=== Begin Enclosure ===

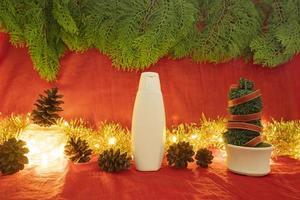 minimalistisk konceptidé som visar produkter. kosmetiska flaskor på jul och nyår bakgrund. rött, ljus, tallblommor foto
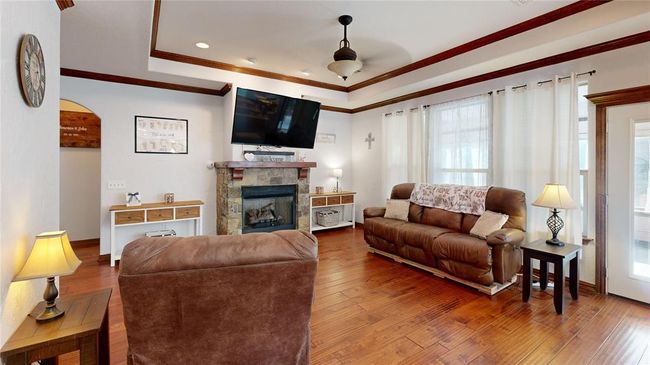 Living room with a fireplace, crown molding, hardwood / wood-style floors, and plenty of natural light | Image 12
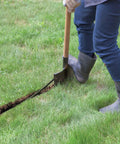 Person digging trench for DIY Self Install In Ground Automatic Sprinkler System Kit For Medium Lawn No Sweat Auto Watering From Outdoor Faucet With Retractable Sprinklers For A Clean Lawn Look.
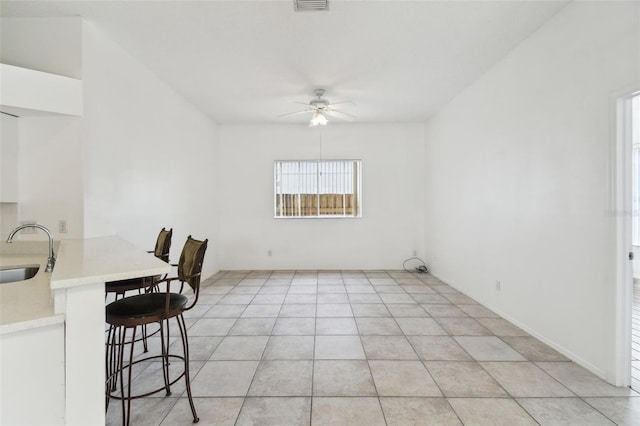 unfurnished dining area featuring ceiling fan, sink, and light tile patterned flooring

=== End Enclosure ===

Give the complete material again, exactly as written. Do not include the pictures.

 minimalistisk konceptidé som visar produkter. kosmetiska flaskor på jul och nyår bakgrund. rött, ljus, tallblommor foto
 Living room with a fireplace, crown molding, hardwood / wood-style floors, and plenty of natural light | Image 12
 Person digging trench for DIY Self Install In Ground Automatic Sprinkler System Kit For Medium Lawn No Sweat Auto Watering From Outdoor Faucet With Retractable Sprinklers For A Clean Lawn Look.
 unfurnished dining area featuring ceiling fan, sink, and light tile patterned flooring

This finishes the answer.